Between the Covers

Your weekly guide to what's really going on inside the world of books

Unlike the Pulitzer, which has awarded no fiction prize this year for the first time in its 35-year history, the Authors Club Best First Novel Award has reduced its shortlist from six to five titles because there were too many good books from which to choose.

The judges had a strong shortlist of five, Between the Covers is told, but were deadlocked between two more. It was decided that it would be fairer to keep five and reject the contentious two.
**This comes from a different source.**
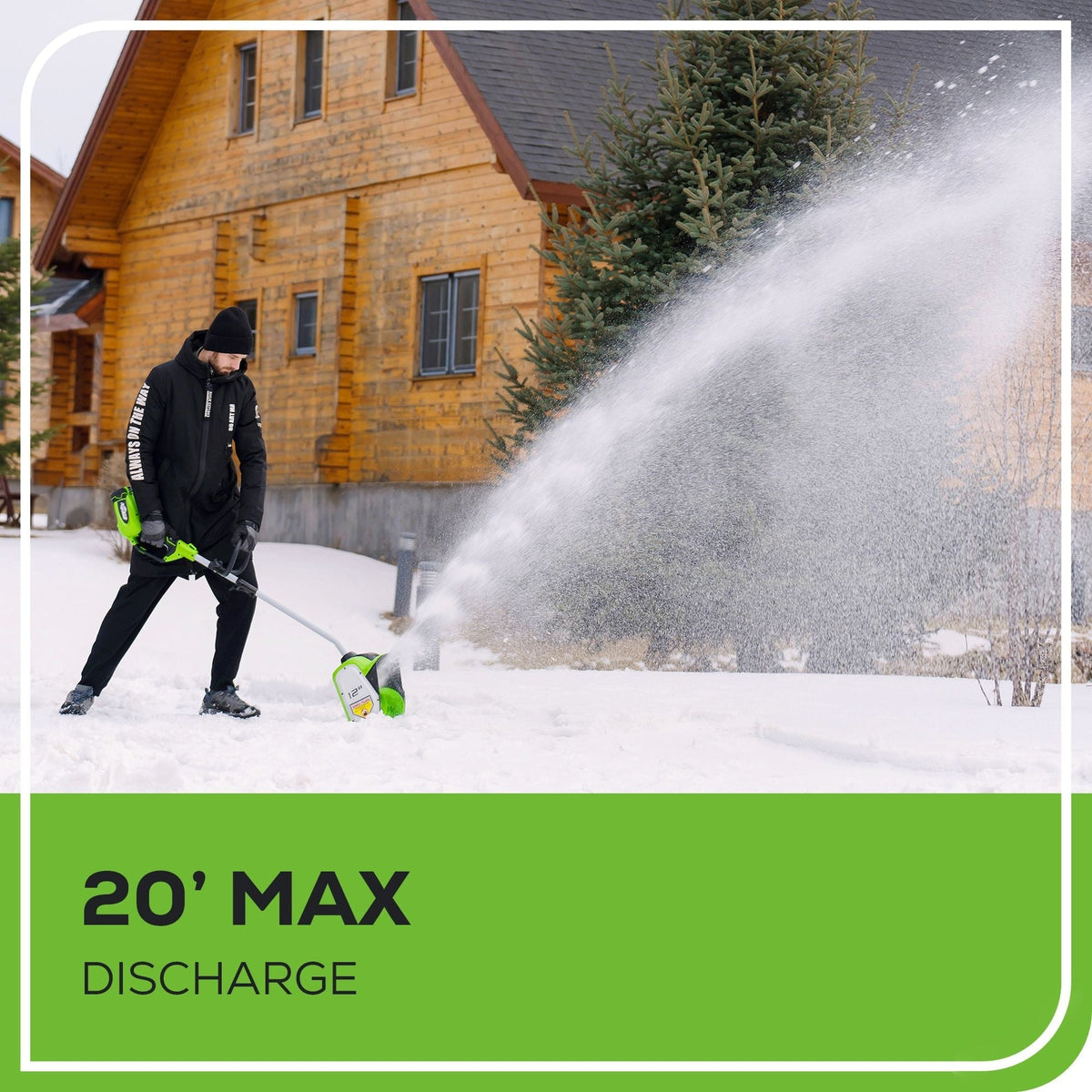 40V Cordless Snow Shovel, 12-in (Tool Only) K1X6 - product image 4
Those five are: Leela's Book by Alice Albinia (Harvill Secker); City Of Bohane by Kevin Barry (Cape); The Last Hundred Days by Patrick McGuinness (Seren); A Book for All and None by Clare Morgan (Weidenfeld); and The Knife Drawer by Padrika Tarrant (Salt).

The London Book Fair at Earl's Court last week looks likely to have been even bigger than last year's, but publishers and agents at the annual rights fair and knees up were very much aware of a cuckoo in their nest. This year, for the first time, Amazon's Kindle Direct Publishing had a booth there, offering advice, presentations, and the enthusiasm of some of their most successful self-published authors. While the pricing of Kindle ebooks remains a bone of contention for traditional publishers, most of them were optimistic about the growth of digital publishing in the market. And well they might. Two of the Amazon authors at the booth were Kerry Wilkinson, author of Kindle's number one-selling Jessica Daniel series, and Rachel Abbott, who wrote the UK Kindle store's bestseller, Only the Innocent. While both of these authors first achieved success with Kindle, Wilkinson now has a deal with Pan Macmillan, and Abbott, who recently acquired an agent, admitted: “I'd love to see my book in a book store.”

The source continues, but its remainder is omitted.